Rather than die a really unpleasant death from diabetes, heart disease (along with the fun of blindness and amputation) I did every blessed thing the doc told me to do. It wasn't very long and I was feeling better, the shakes were gone, my eyes brightened, I lost 35lbs, and I felt pretty much like my old self again. Huzzah!! Hmm....what next...? Of course! Time for a new bike!!

The Kaw 1600 was purchased with the thought that it might be my last bike, I'd ride it a bit on the weekends and that was it. It would do me and my old fahrt riding habits until it was time to check out once and for all.  Ha...once a bike nut, always a bike nut. The Aprilia Falco came next, then the Aprilia Caponord. The Kawasaki went home with it's new owner two weeks ago and I'm doing my best to fight off the most incurable mental illness of all, motorcycle fever.

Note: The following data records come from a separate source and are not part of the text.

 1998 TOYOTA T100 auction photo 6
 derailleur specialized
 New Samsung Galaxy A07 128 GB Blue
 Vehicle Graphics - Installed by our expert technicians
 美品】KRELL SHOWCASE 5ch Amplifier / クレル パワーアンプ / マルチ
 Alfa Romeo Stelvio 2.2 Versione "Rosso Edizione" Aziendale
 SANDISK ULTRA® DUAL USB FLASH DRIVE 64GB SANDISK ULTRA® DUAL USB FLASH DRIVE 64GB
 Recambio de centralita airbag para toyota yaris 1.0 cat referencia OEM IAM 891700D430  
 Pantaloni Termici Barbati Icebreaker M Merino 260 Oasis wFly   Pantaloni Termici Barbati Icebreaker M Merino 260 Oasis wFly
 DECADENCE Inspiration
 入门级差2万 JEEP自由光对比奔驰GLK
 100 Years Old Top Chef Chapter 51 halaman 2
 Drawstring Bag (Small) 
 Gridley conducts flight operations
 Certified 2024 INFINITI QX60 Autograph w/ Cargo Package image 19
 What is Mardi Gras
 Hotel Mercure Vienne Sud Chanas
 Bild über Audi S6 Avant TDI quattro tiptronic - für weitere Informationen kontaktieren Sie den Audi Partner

The other afternoon I visited my friends at Kelly's Kawasaki in Mesa and wandered through the BMW shop in Chandler to look at the new K1200 Beemer. Nothing lit me up, not even the new 1200/4 Beemer.

According to the actuarial tables I've got about 23 years left to live. At my lifetime average of about one bike per year that's about enough time to own approximately 1/3 of all the bikes I still want to own unless I win the lottery or find a rich woman to marry. My chances are probably better with the Lotto.

So what next if I really have about twenty more bikes to live? Where should I start? I've had a Harley (been there, done that, got the t-shirt...and before it was fashionable), a sport bike or two, a big trailie, enduro bikes (dual sport for you young whippersnappers), a Goldwing, a couple of UJMs, and a gaggle of little bikes.

I'm inclined to be patient and continue to hope that Aprilia will bring the Caponord Rally Raid model to the US. I love my '02 Capo but the newer bike with all the trimming including ABS would be a fine thing to grace my garage.

Other than that, I'm not sure what will satiate this next of 20 possible rounds of moto lust. I do miss my Falco however brief was our affair.  I've never owned a track bike (pavement kind) or done the track day thing that's all the rage now. A KTM 625 SMC on the track perhaps? Hmm... Decisions, decisions.


James Allgood said...

Have you done the sidecar thing yet? My dog has been bugging me to get one of those Urals so she can come on a ride or two.

Doug Klassen said...


I hadn't thought about a sidecar. Someone said the local Ural dealer had some nice used units in stock. I always like the military looking version. My two dogs would think it was cool. Hmm...


Anonymous said...

Hey, nice site.
You sound like a prime candidate for a trackday. At age 48 I took my R100RS out to Willow Springs for a Pridmore CLASS. That led to racing an FZR400. A heady experience. Age nor gender, nor girth are barriers to racing, though 50 year old novices will never be fast. The 50 year old class at WSMC runs some pretty darn fast times.